DATA EXCERPT »

========================================

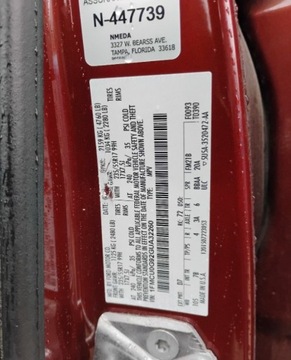 Ford Escape III 2016 Ford Escape 2016r, 2.0 Benzyna 240KM. AUTOMAT. Uszkodzony lewy bok i tyl., zdjęcie 23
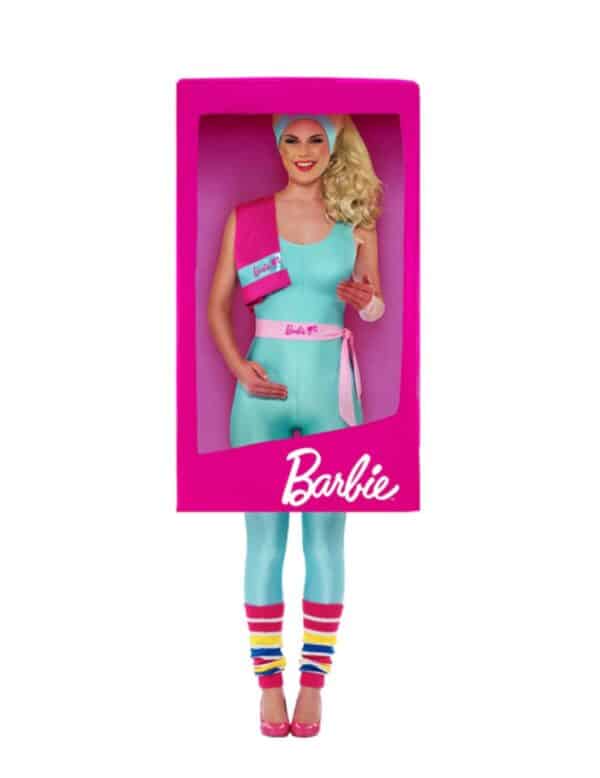 Barbie-Box Damenkostüm 3D rosafarben-weiß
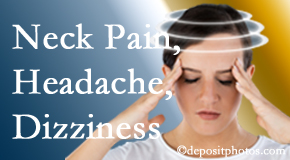 Minster Chiropractic Center helps relieve neck pain and dizziness and related neck muscle issues.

========================================

PROBLEM REQUIREMENTS » Each line above is to be repeated exactly as written; no picture is carried over.

RESULT »
 Ford Escape III 2016 Ford Escape 2016r, 2.0 Benzyna 240KM. AUTOMAT. Uszkodzony lewy bok i tyl., zdjęcie 23
 Barbie-Box Damenkostüm 3D rosafarben-weiß
 Minster Chiropractic Center helps relieve neck pain and dizziness and related neck muscle issues.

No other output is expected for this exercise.